Celebrating a Holiday with family and friends is one of the best things you get to do all year. We all bring our own traditions and practices to a Holiday celebration. It can be fun to watch someone else celebrate a holiday, especially when they bring something different to the table. We've all seen the Christmas episode with someone who is a little too into their traditions or the Halloween episode where a character has a singular focus on scaring someone else who is super not into that. What I love even more is watching characters celebrate a Holiday we have no context for here in the real world. Below is a list of my Top 11 favorite Fictional Holidays I've ever encountered in a TV Show.


1. Festivus - Seinfeld

S9E10 "The Strike"


festivusweb, CC BY 2.0 <https://creativecommons.org/licenses/by/2.0>, via Wikimedia Commons
festivusweb, CC BY 2.0 <https://creativecommons.org/licenses/by/2.0>, via Wikimedia Commons

"A Festivus for the rest of us!" George Costanza's father, Frank, brings us the greatest of gifts under the tree: a new holiday. Celebrated 2 days before Christmas, Festivus includes activities such as feats of strength, airing of grievances, and an aluminum pole (stored in the crawl space). It is "all too real." In an episode that featured Kramer on strike at H&H Bagels and George attempting fraud by creating "The Human Fund" ("Money for People"), Festivus stands as the most enduring portion of the episode. It's a Festivus miracle!


2. Treat Yo' Self Day - Parks and Recreation

S4E4 "Pawnee Rangers"


Treat. Yo. Self. That is the sentiment from Tom Haverford and Donna Meagle in "Parks and Rec." They are not exactly known as the most selfless characters in the show, but they nonetheless decide to declare October 13th to be Treat Yo' Self Day. Designed as a day for self-indulgence, it is simply a day where they treat themselves to anything they want and become enablers for each other (and for Ben when he buys that Batman costume).

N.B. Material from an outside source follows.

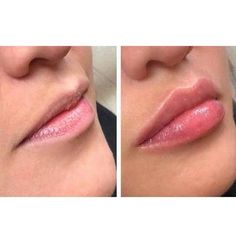 Cupids Bow Lips, Full Lips Makeup, Smooth Skin Body, Face Makeover, Botox Cosmetic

3. Slapsgiving - How I Met Your Mother

S3E9 "Slapsgiving"


This holiday is the gift that keeps on giving. Unlike most of the other holidays on this list, this is largely an actual holiday. As you may have deciphered from the portmanteau in the title, this day is also Thanksgiving. Earlier in the show (season 2), Marshall has won a bet over Barney allowing him to attain five slaps of Barney's face. Marshall opts to dole them out of time for maximum psychological torture. Barney is warned ahead of time that he will be slapped on Thanksgiving, coining the term "Slapsgiving." He manages to alter a holiday designed to give thanks and spend time with the ones you love into "The Stanford Prison Experiment." Spoiler Alert: there are also a Slapsgiving 2 and Slapsgiving 3. What a major delight! (Salutes while saying "Major delight!")


4. National TE Day - NFL

2019 Season


Celebrated on the 4th Sunday of every October, National Tight End Day celebrates the unsung hero of the NFL offense. The Tight End has a wide range of tasks throughout the game including both blocking defenders on the line of scrimmage and running routes to catch passes. The godfather of this holiday is George Kittle (University of Iowa Grad, a.k.a Tight End U). He and his then QB, Jimmy G, came up with it in 2018, with the NFL going all in the following year.


5. Katie Holmes Day - AP Bio

S3E8 "Katie Holmes Day"


This show was criminally under seen during its run and takes place in the city of Toledo, OH. According to the show, Katie Holmes is from Toledo (I didn't look it up to confirm) and she is celebrated by the town to such a degree she has gotten her own day. Townsfolk put on a play showcasing her casting on the TV Show "Dawson's Creek," as well as a citywide auction fundraiser. The best part is kids leave their shoes out on the porch overnight for Katie Holmes to place blueberry muffins in them. This is a weird and wholesome holiday. Seriously, though, you should watch this show. It stars Glenn Howerton and Patton Oswalt in a beautiful power dynamic imbalance plus Paula Pell and Allisyn Snyder are absolute scene-stealers.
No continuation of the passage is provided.